2時間の残業を終えていつも通り地下鉄に乗り込み、スマホに目を向けると、家族のライングループで父と妹が月が欠けるのを面白がっていた。日頃の出来事はツイッターで確認するのでトレンドを見ると、見事に、何年に1回だとか、iPhoneでうまく写真を撮る方法やらで賑わっており、そうか月蝕だったのかと知る。昨日とかから言ってた?まったく知らなくて情報遮断されていた気持ちになる。ネットニュースもテレビもほとんど見てないので自ら遮断しているに等しいけど。こういうのを前日とかからちゃんとわくわくできる人が結局幸せを掴むんだろうと思う。

遅ればせながら、月蝕まだ見えるかなと家族に問うと、妹が最寄り駅の歩道橋からよく見えたと教えてくれた。最寄り駅に着いて歩道橋に向かいながら、どの方向に月があるんだろう、見つけられるかな、見つけられずきょろきょろするのはなんとなく恥ずかしいななど考えていたが完全に杞憂だった。同じ方向の空を見上げる人集り。一眼レフを向けている人もおり、間違いなくその先に月があると察して向かった。

欠けた月があると思い見上げた空にあるのは、完全にいくら...赤く、端の方だけ少し薄く見えるのが、いくらの中の気泡に見えた。かわいい。写真のクオリティに限界のあるiPhone8しか持ち合わせていないため、とりあえず1枚だけ写真に収めて帰路につくことにした。お腹がすいた。

今から帰ってなにか作る元気もなく、近くにあるポムの樹に駆け込んだ。選択肢の中にそれがあれば、だいたいいつも迷った末に選んでしまう候補が存在する時がある。私にとってポムの樹はそれにあたる。つよい。

ポムの樹に来ると、クリームソースとあのやたらに美味いバターライスのマリアージュが圧倒的存在感を放ち、だいたい似たようなものを食べる。一応あの壮大なメニューを全て確認し、その上でちゃんとクリームソースを選ぶ。そのためそこそこの時間悩む。
今日はホタテとエビのクリームソースかホタテのトマトチーズクリームオムライスかでかなり悩んだ。多分いつもなら、最終的には白いクリームソースの前者を選ぶのだが、今日はなんと後者を選ぶことにした。意外だった。ポムの樹ではいつもいろいろの選択肢のうちで悩んで、えい!と頼んでしまうので、もし注文したものと持ってこられたオムライスが違っていたとしても、あ、最終的にはこっちを選んだのかと納得してしまうかもしれないとか思いながら待ち、来て、食べた。

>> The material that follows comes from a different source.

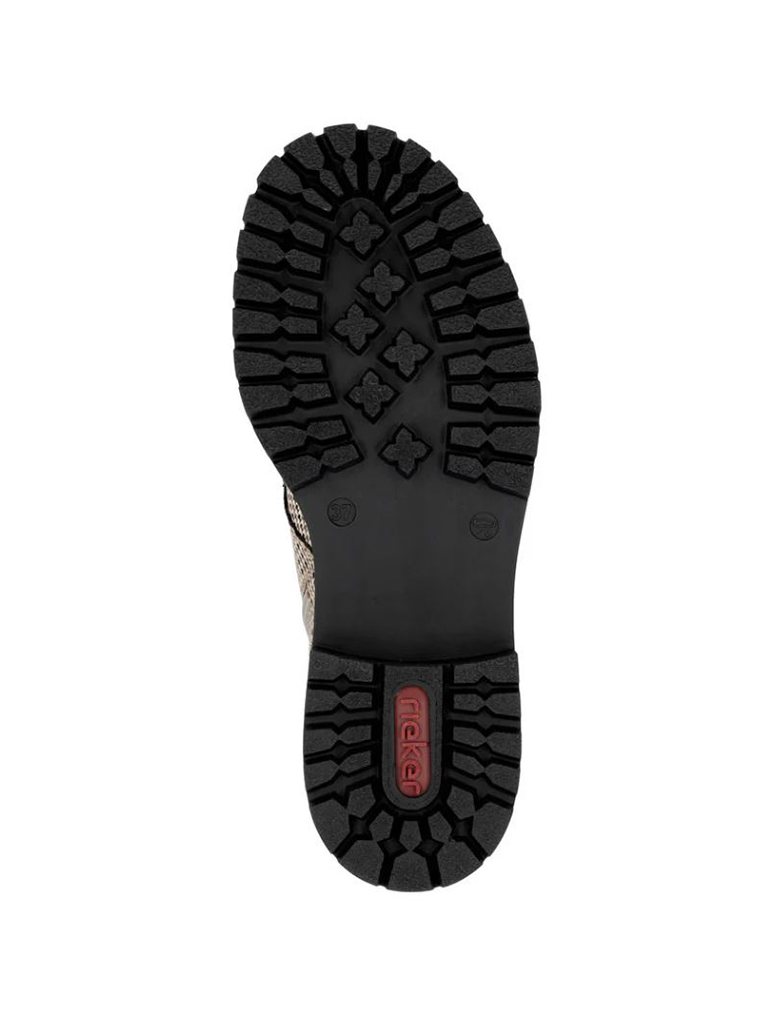 Rieker Patterned 72617 Pearl Boot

やっぱりかなり美味しく、満足して帰る。

あとになってカメラロールの月の写真とオムライスの写真を見て、今回トマトチーズクリームを選んだのは赤い月の影響だと思い至る。無意識の単純明快さ。

帰り道ではさっきの赤い月とはうって変わって、白く輝く三日月と、円を影みたいな黒で補う月が見えた。30分程度でこんなに変わるのかと見蕩れていた。信号を待つ合間に。